つくづく思うが、私は非常時に弱い。よせばいいのに、Twitterなど見てしまい、明らかに愚策としか思えない政府の行き当たりばったりの措置に、ご丁寧にひとつずつ憤っては身を落ち込ませてしまう。○○県で〇代の〇性が感染、などというニュースをみると、「明日も我が身」と身を固くする。人と来週の約束をするときも、「この約束が実現することはある種の奇跡だな」と切なく思い、会えた時は「この人に会えるのも最後かもしれない」と小さい覚悟を決めている(多分とても失礼だ)。つい嗜好品を買い込んでしまう。昨日フラフラの体でKALDIに行ったがすさまじかった。数日では消費できるはずのないお茶とスープをかごに入れると、「なんやわたし生きる気満々やん」とちょっと笑ってしまった。というかそういう言葉が沸き起こる自分の状態に「そこまでなのか」とちょっと引いてしまった。

終末期感に悦に入っているならまだよい。そうではなく、それぞれがすごく具体的かつ冷静な実感なのだから困った。そういったことを最近感じているということを昨日同僚に話したら、とても驚かれ、ある医師が書いた対処法のマニュアルを送ってくれた。自分はいわゆる「過度に恐れる」一人になっている。
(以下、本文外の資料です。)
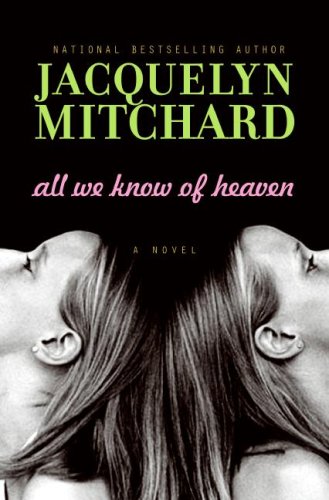 9780061345784: All We Know of Heaven: A Novel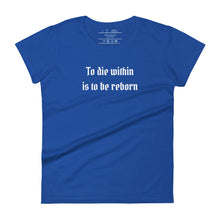 Load image into Gallery viewer, women&#39;s royal blue t-shirt  with image phrase: &quot;To die within is to be reborn.&quot;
昔から、非常時にヒステリーを起こす大衆を揶揄する側に立つことが決してできない。東日本大震災の時、震度2の石川県でクラスの中でただ一人机の中に身を収めた自分は、決してそうはなれないだろうと諦めている。この3日間ずっと背中が痛いし頭痛がする。この土日に送別系の予定が2件あったがどうも体調が振るわないので大事を取って断ることになった。しかしこの判断はとても迷った。明らかに控えたほうがいい体調に違いないのだが、こういった判断を取ることで、自分の中の非常時感が高まってしまうのではないかと思ったから。
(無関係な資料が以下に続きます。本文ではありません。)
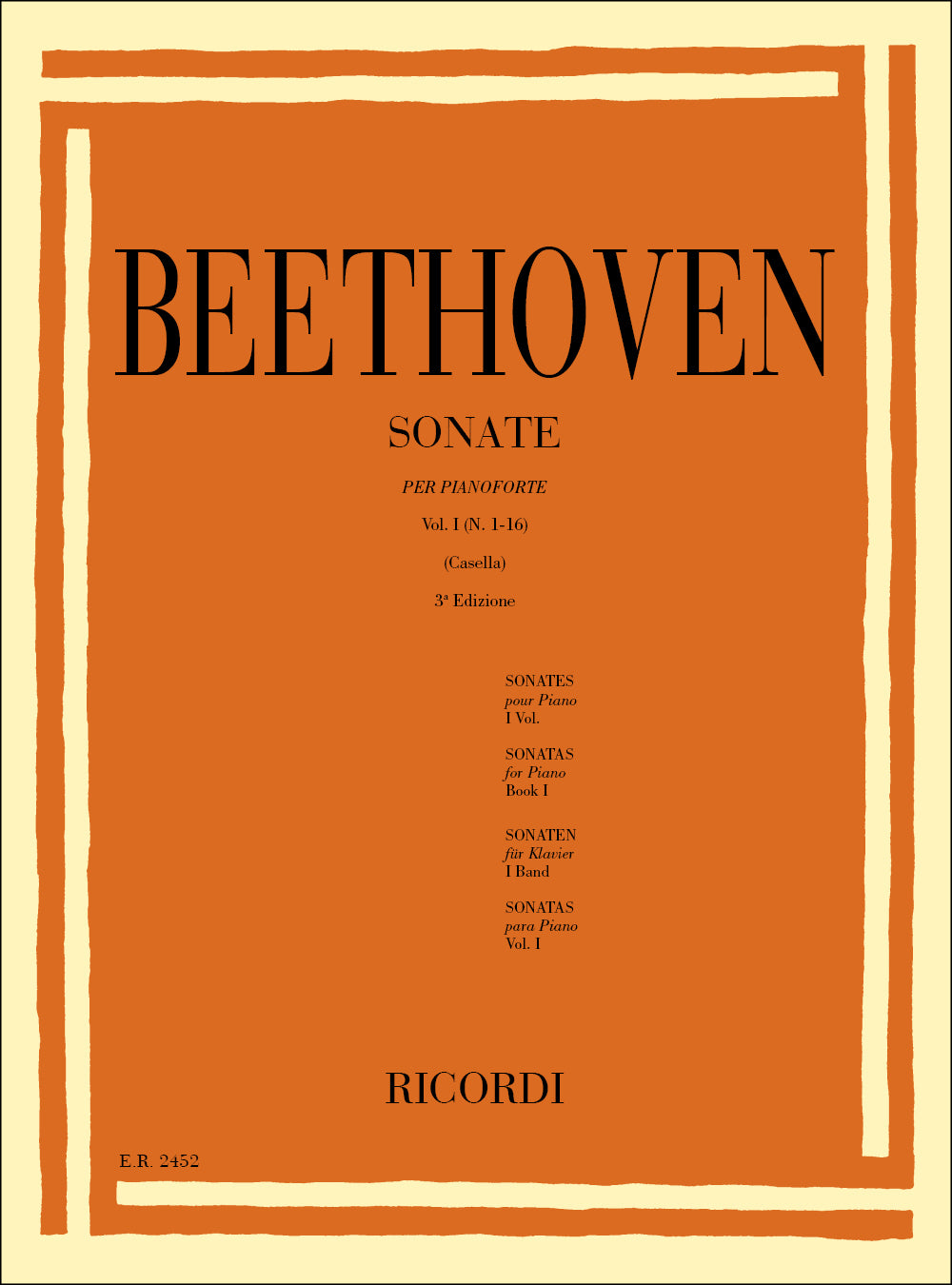 Ludwig van Beethoven：32 Sonate Per Pianoforte：Edizione In 2 Volumi - Volume 1 (N. 1 - 16), Senza Note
非常時に対するこういった振る舞いや価値観自体が、なんらかの差別と排除と地続きであるのかもしれない。そういったものと絶対に親和しない言葉を私も書きたい。でも、「これは非常時ではない」―だから普段と変わらぬ毎日を!と謳うことも、その渦中に身を置き対策をタスクのようにこなすことも、今は、どちらもとてつもなくしんどいと思う。しっかりと立った人によって放たれる言葉全てに後ろめたさを感じては、ふにゃふにゃと布団にくるまらざるを得ない。ここに明らかな事実として、気分と体調の変動があるのだ。普段と変わらぬ毎日を送りたいのに、まったく普段と変わらぬ毎日を送れていない。ということを私は決して軽んじることができない。